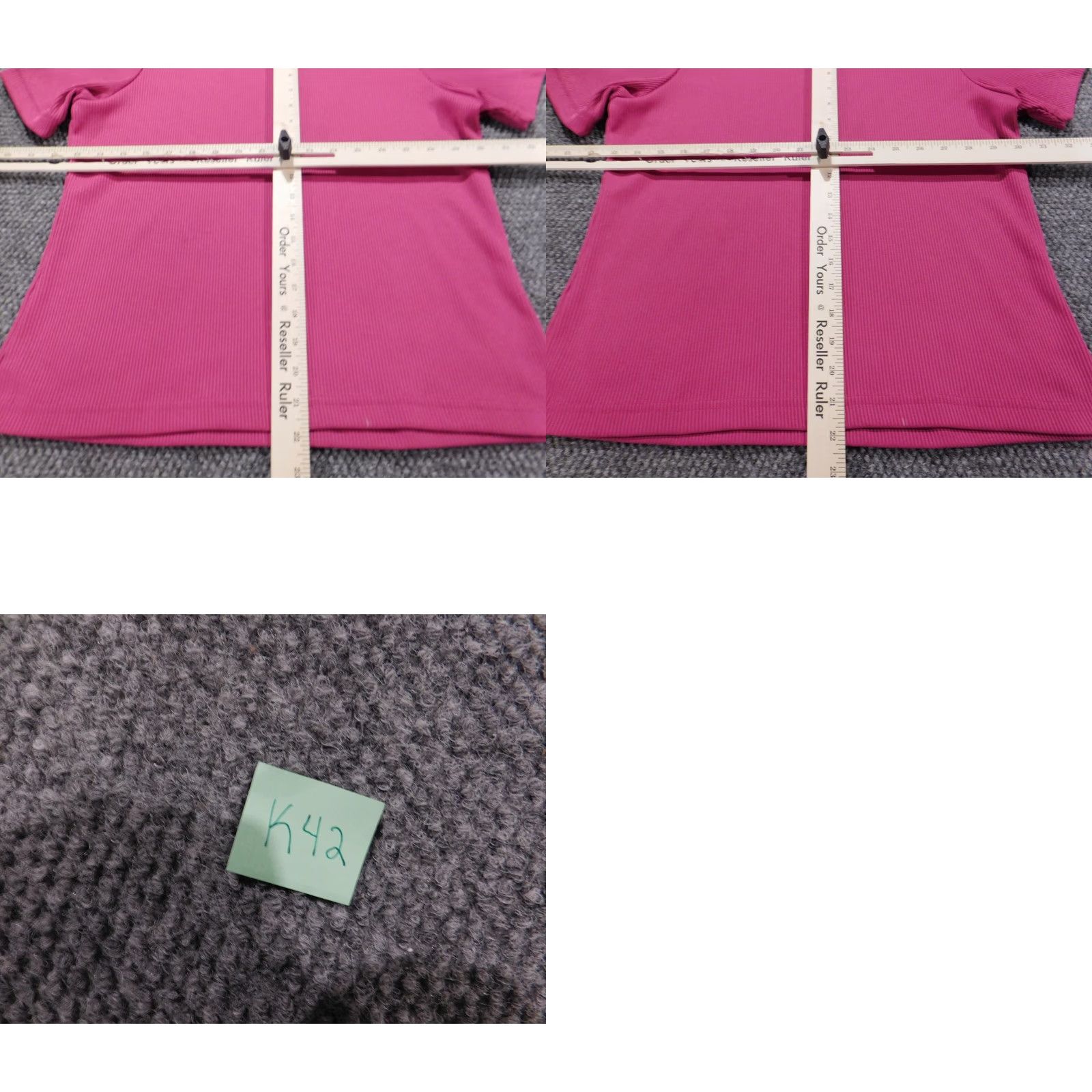 Vintage Allison Womens Blouse M Pink Crew Neck Short Sleeve Pullover Polyester Woven Ruffle Casual Top Size M / US 6-8 / IT 42-44 - 9 Thumbnail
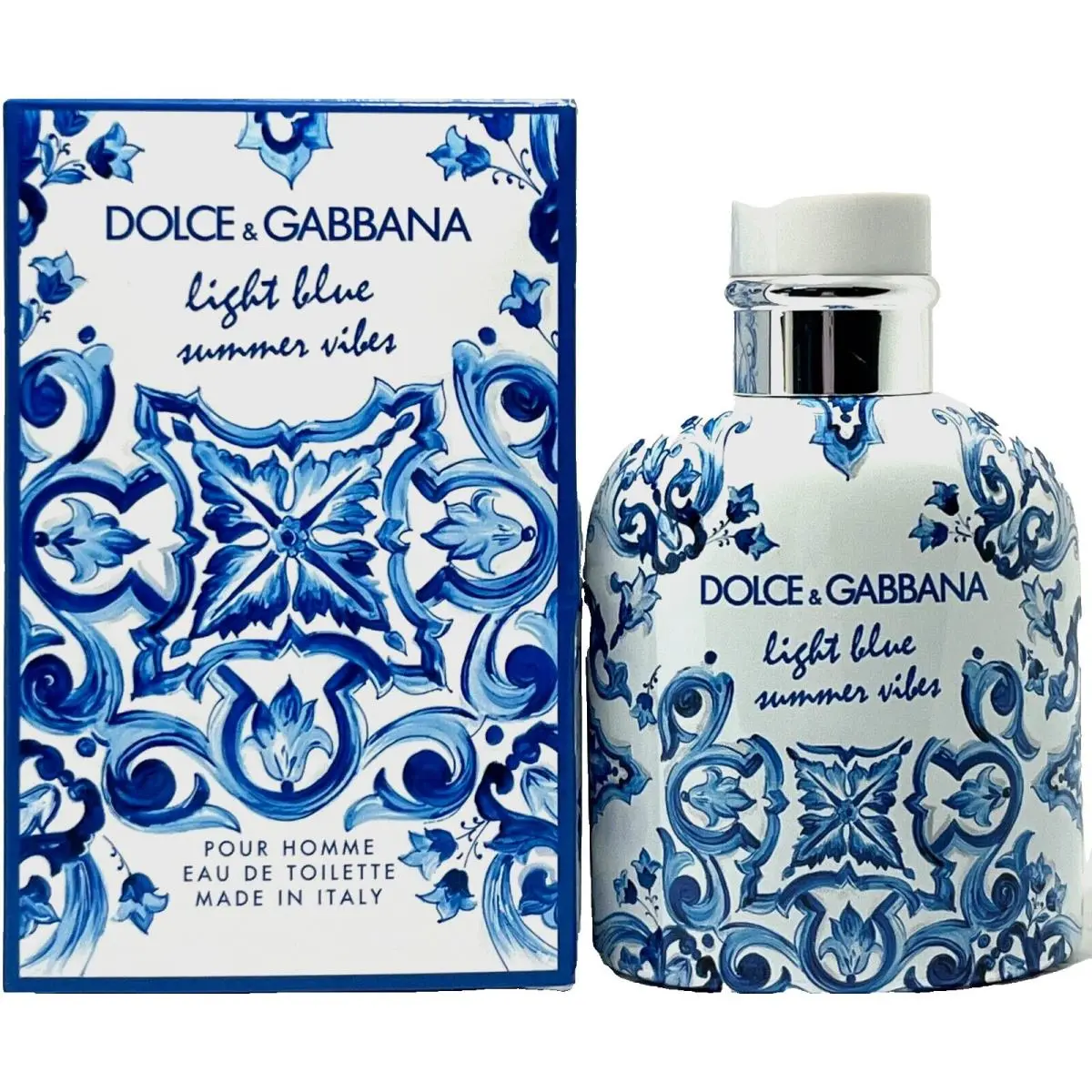 Dolce Gabbana Light Blue Summer Vibes Edt Spray For Men 4.2 Oz / 125 ml by Dolce & Gabbana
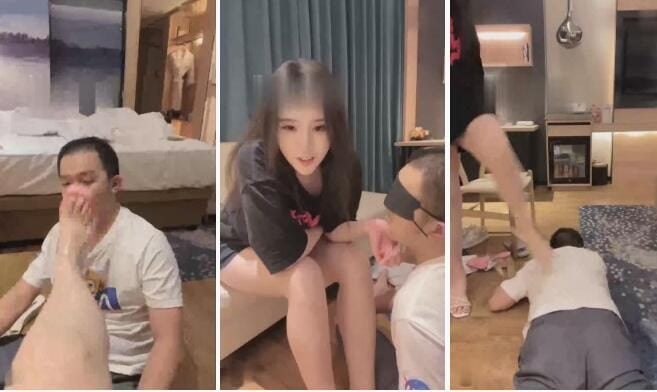Nanxi S | Gentle girl with beautiful feet abuses stepfather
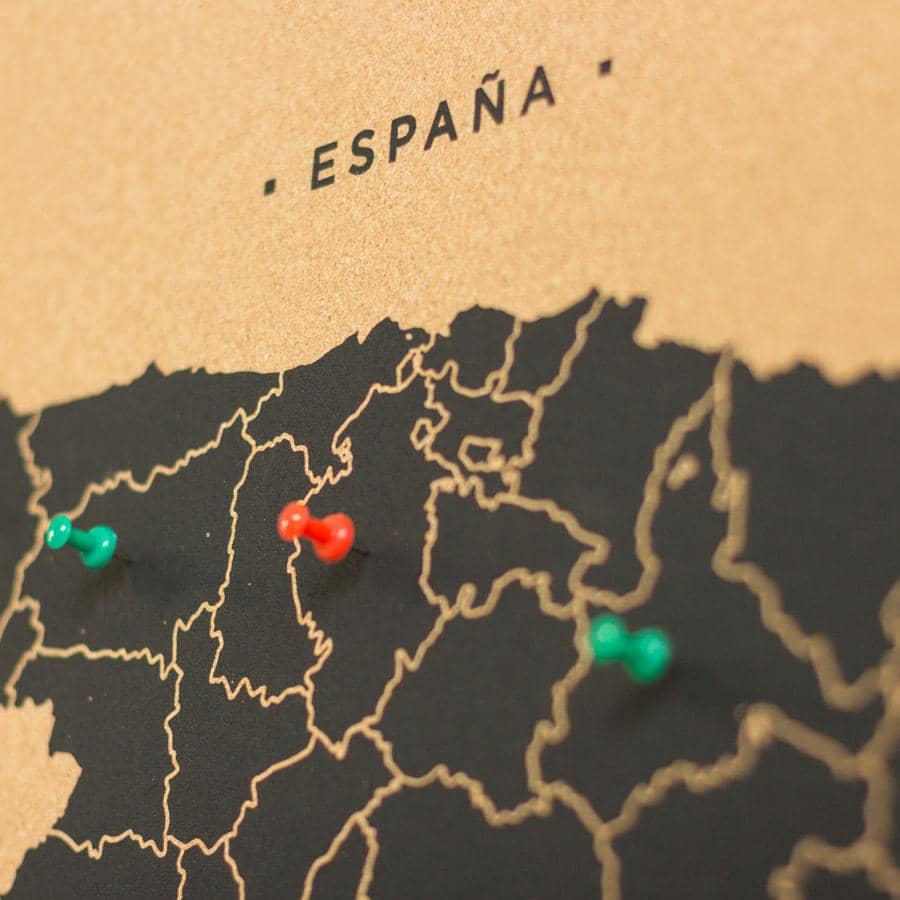 Mapa de corcho - Woody Map Natural España - Misswood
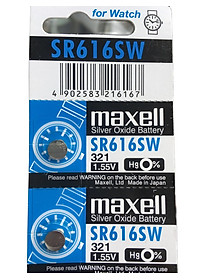Pin Nhật Maxell SR616SW / SR616 / 321 Chính Hãng 1 Viên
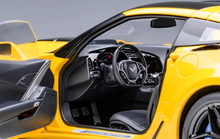 Load image into Gallery viewer, AUTOart 1:18 Yellow CORVETTE C7 ZR1 Racing Sports Model Diecast Metal Car
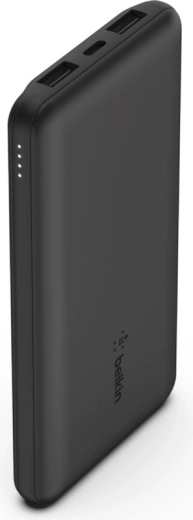 Powerbank 10 000mAh s USB A a C 15W černý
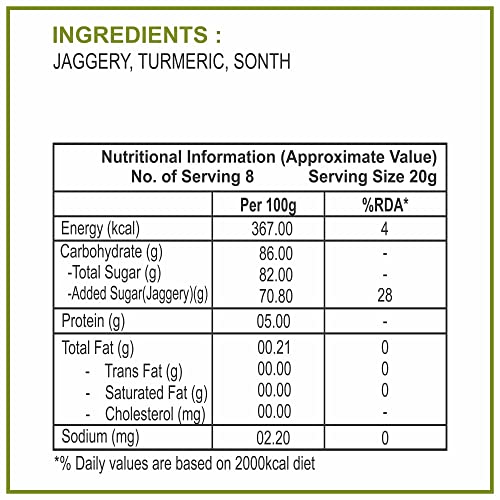 
                  
                    Haldi+Sonth (Turmeric +Ginger) Jaggery Powder 300g
                  
                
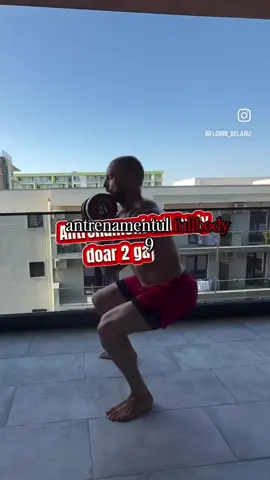 9 exercitii. 2 gantere. 40 secunde munca, 20 pauza, 2 minute respiratie si iar intri in focuri. Tot corpul – picioare, brate, spate, umeri, core – lucrat in mai putin de o ora. Nu conteaza ca esti acasa sau in sala, corpul tau poate mai mult decat crezi. Hai sa vezi! Scrie ‘START’ in comentarii daca vrei sa slabesti si sa te antrenezi corect! #antrenamentfullbody #fullbodyworkout #antrenamentacasă #slabestesanatos #transformarecorporală           
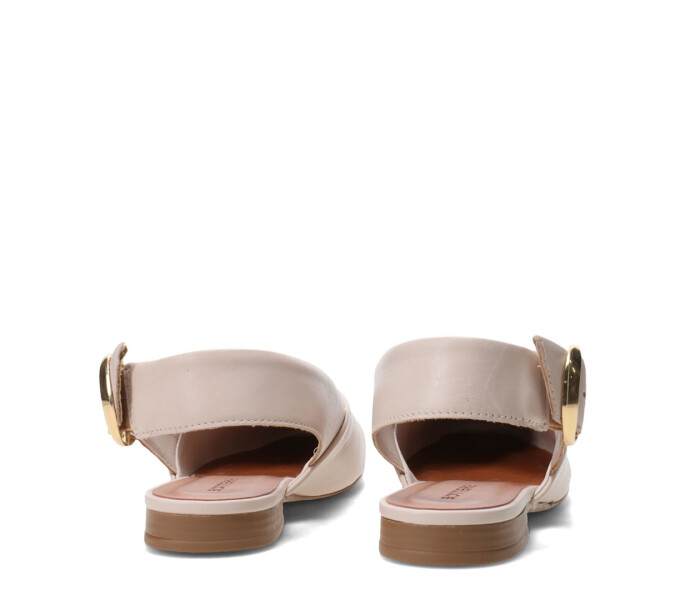 Zapatos de Mujer Bottero Tira Trasera Beige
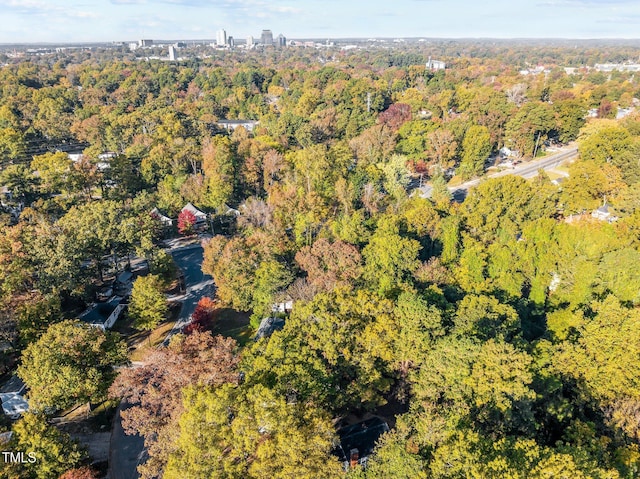 1613 Kilmer Ter, Durham, NC 27703 - aerial view with a forest view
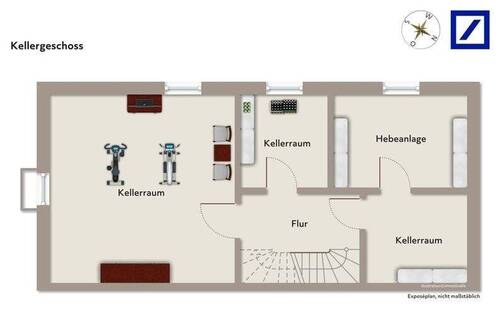Kellergeschoss WE 1 - 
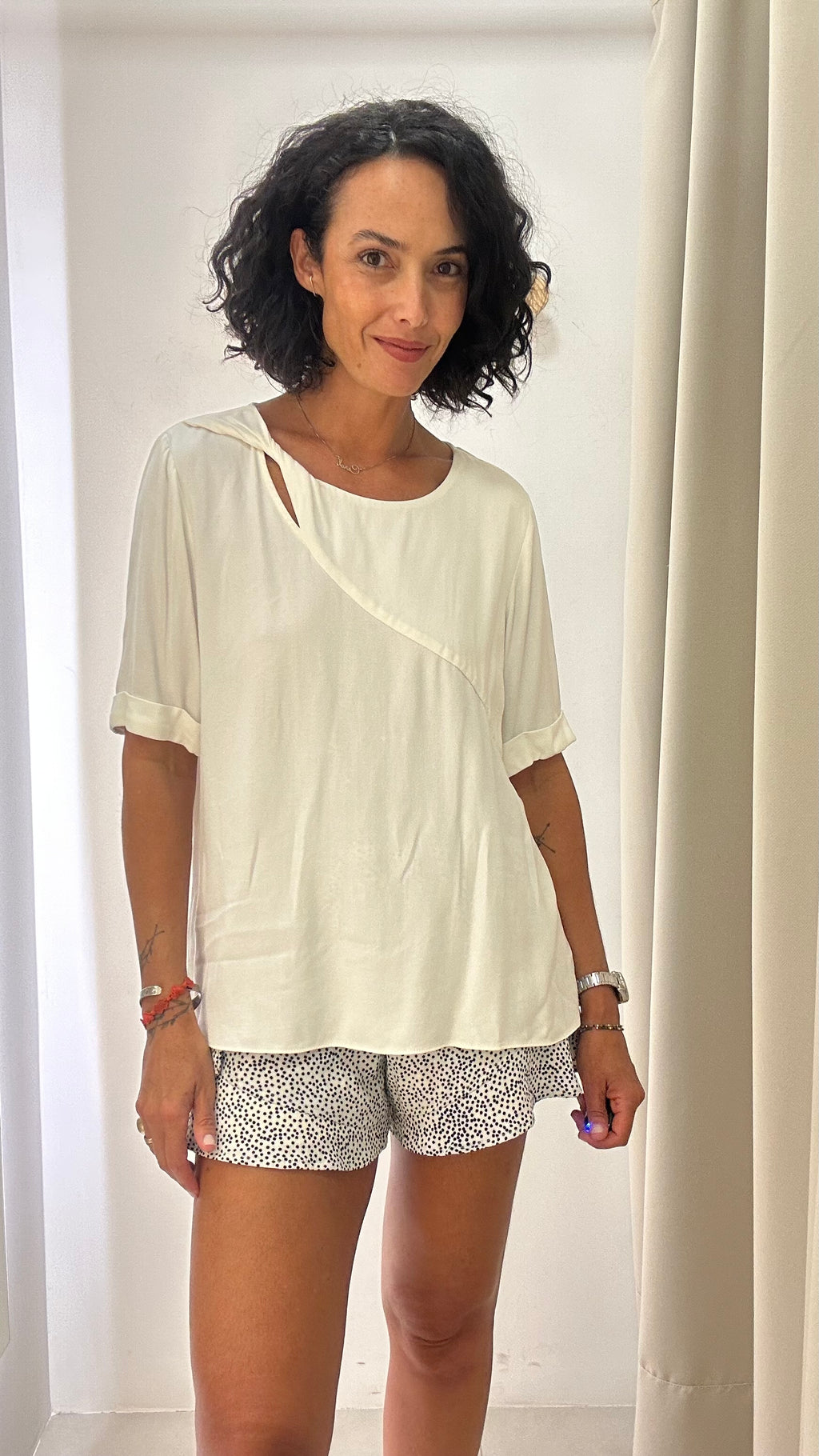 Blusa Branca Lunender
————
WHAT YOU NEED TO DO: Nothing but the lines from the one containing "1613 Kilmer Ter, Durham, NC" through the end of the entries is to be retyped, exactly as written and without pictures.

YOUR SOLUTION:
 1613 Kilmer Ter, Durham, NC 27703 - aerial view with a forest view
Kellergeschoss WE 1 - 
 Blusa Branca Lunender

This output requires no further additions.